## ABOUT THIS TASK
Repeat the listing that follows, character for character, minus the pictures.

━━━━━━━━━━━━━━━━

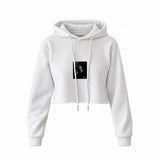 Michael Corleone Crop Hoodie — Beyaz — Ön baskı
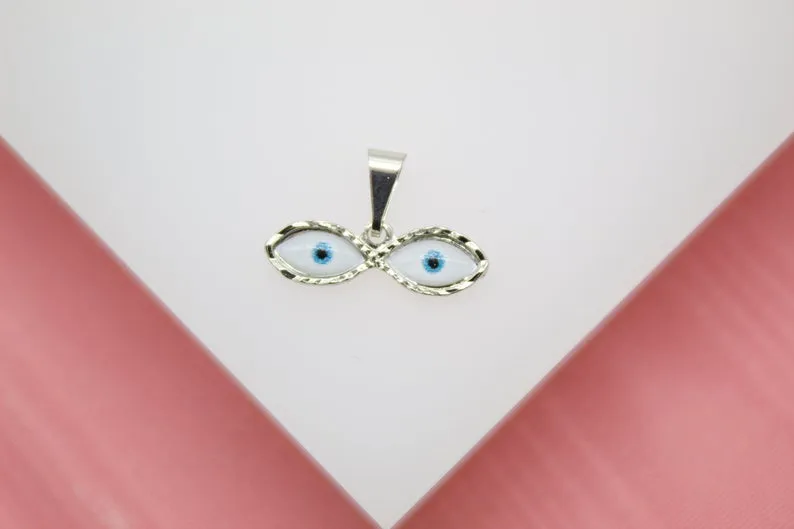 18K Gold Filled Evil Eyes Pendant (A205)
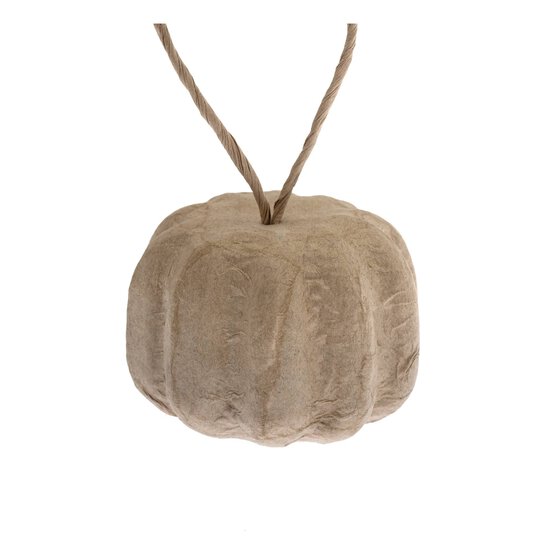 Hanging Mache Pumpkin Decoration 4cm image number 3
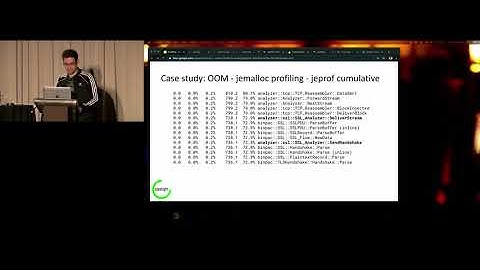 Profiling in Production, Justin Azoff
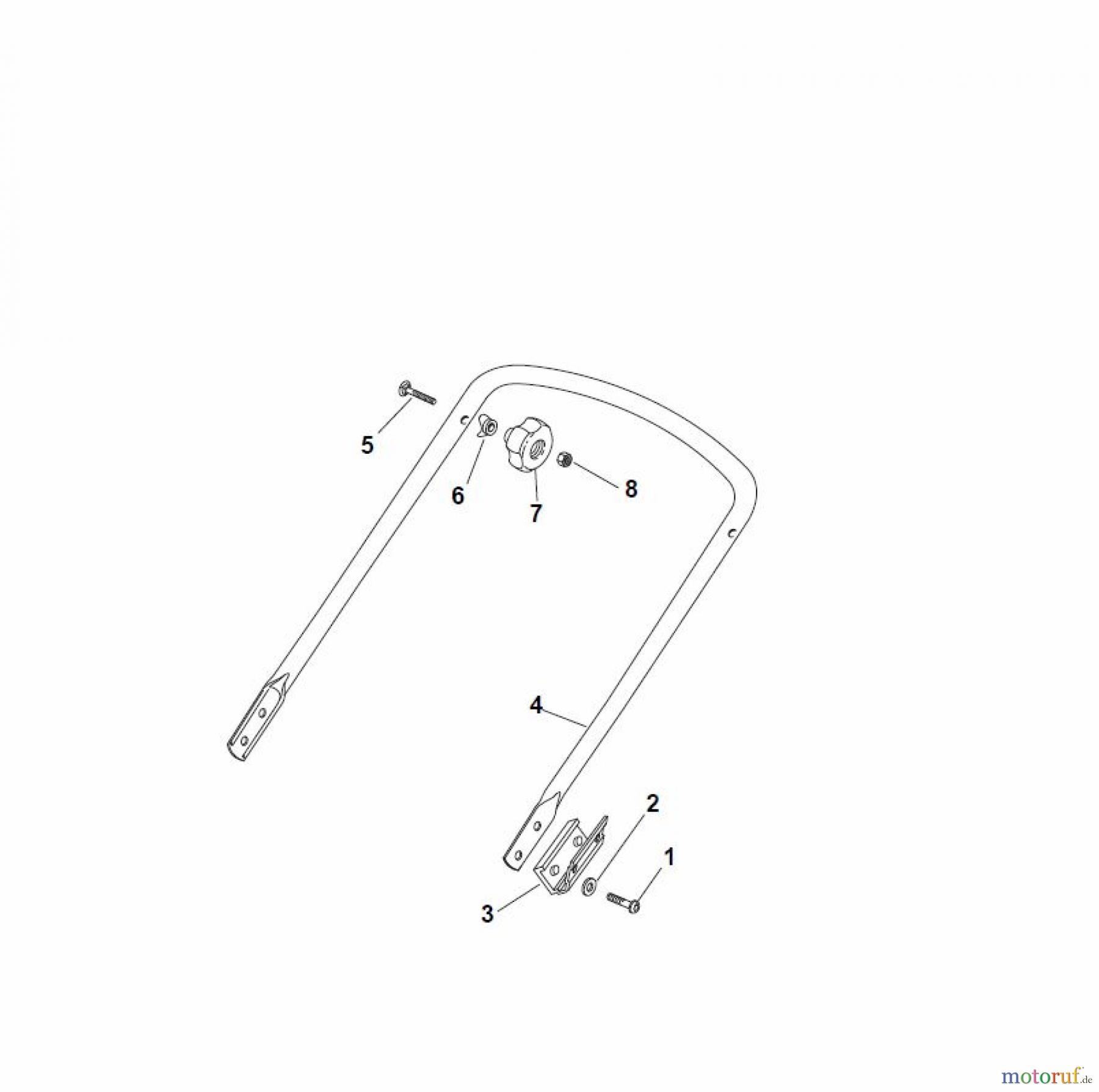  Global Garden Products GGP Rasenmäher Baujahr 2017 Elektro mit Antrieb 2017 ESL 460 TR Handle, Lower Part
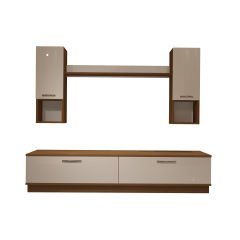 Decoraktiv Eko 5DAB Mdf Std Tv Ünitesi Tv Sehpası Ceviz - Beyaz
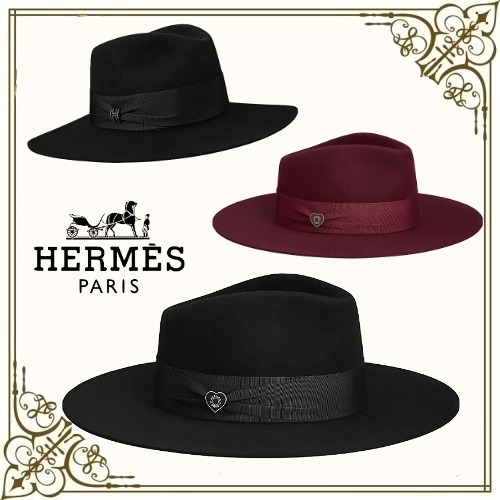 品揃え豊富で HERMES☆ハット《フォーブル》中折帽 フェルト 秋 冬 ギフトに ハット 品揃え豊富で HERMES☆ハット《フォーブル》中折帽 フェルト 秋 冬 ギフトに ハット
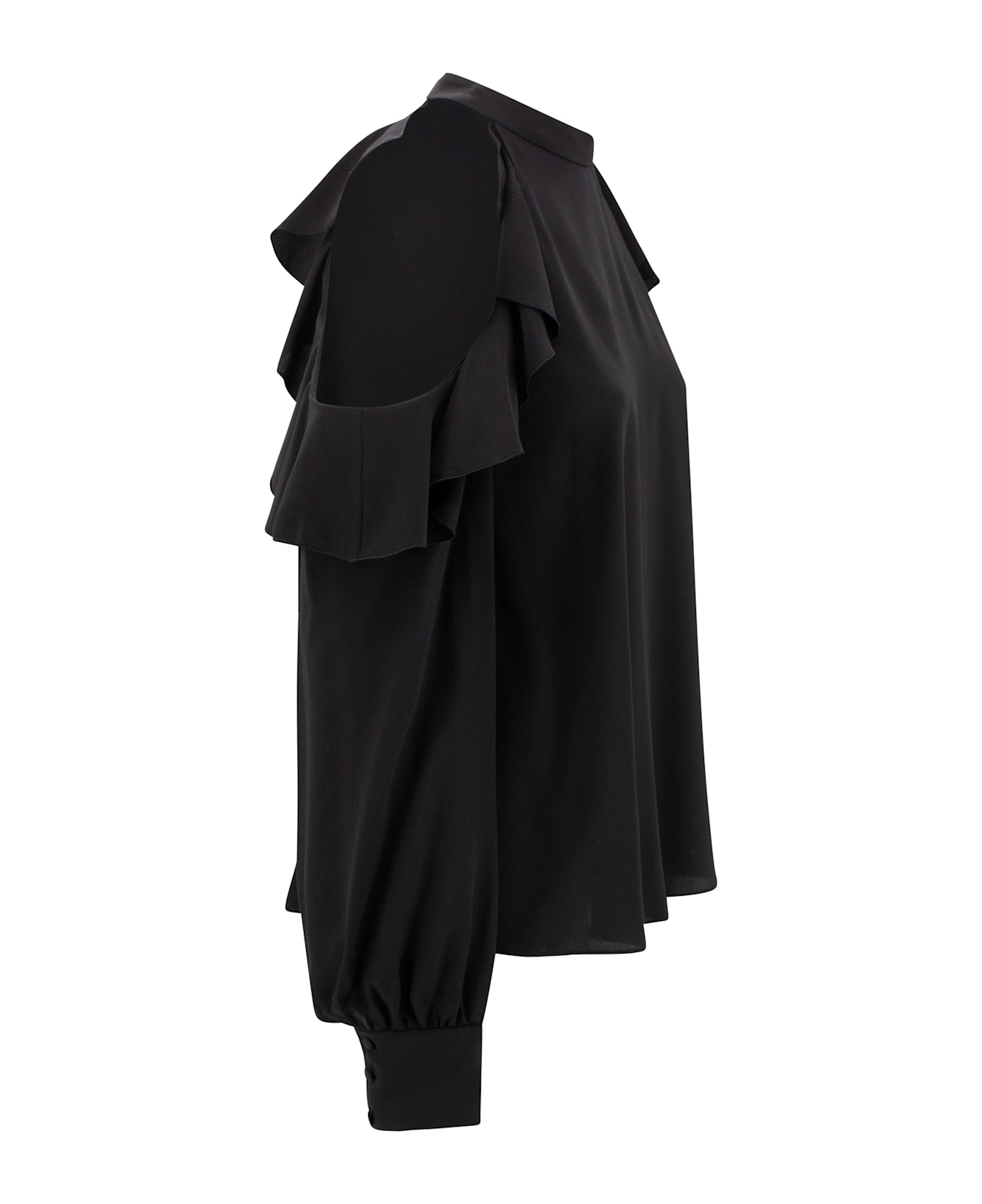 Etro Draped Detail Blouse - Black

━━━━━━━━━━━━━━━━

## WRITTEN ANSWER
 Michael Corleone Crop Hoodie — Beyaz — Ön baskı
 18K Gold Filled Evil Eyes Pendant (A205)
 Hanging Mache Pumpkin Decoration 4cm image number 3
 Profiling in Production, Justin Azoff
  Global Garden Products GGP Rasenmäher Baujahr 2017 Elektro mit Antrieb 2017 ESL 460 TR Handle, Lower Part
 Decoraktiv Eko 5DAB Mdf Std Tv Ünitesi Tv Sehpası Ceviz - Beyaz
 品揃え豊富で HERMES☆ハット《フォーブル》中折帽 フェルト 秋 冬 ギフトに ハット 品揃え豊富で HERMES☆ハット《フォーブル》中折帽 フェルト 秋 冬 ギフトに ハット
 Etro Draped Detail Blouse - Black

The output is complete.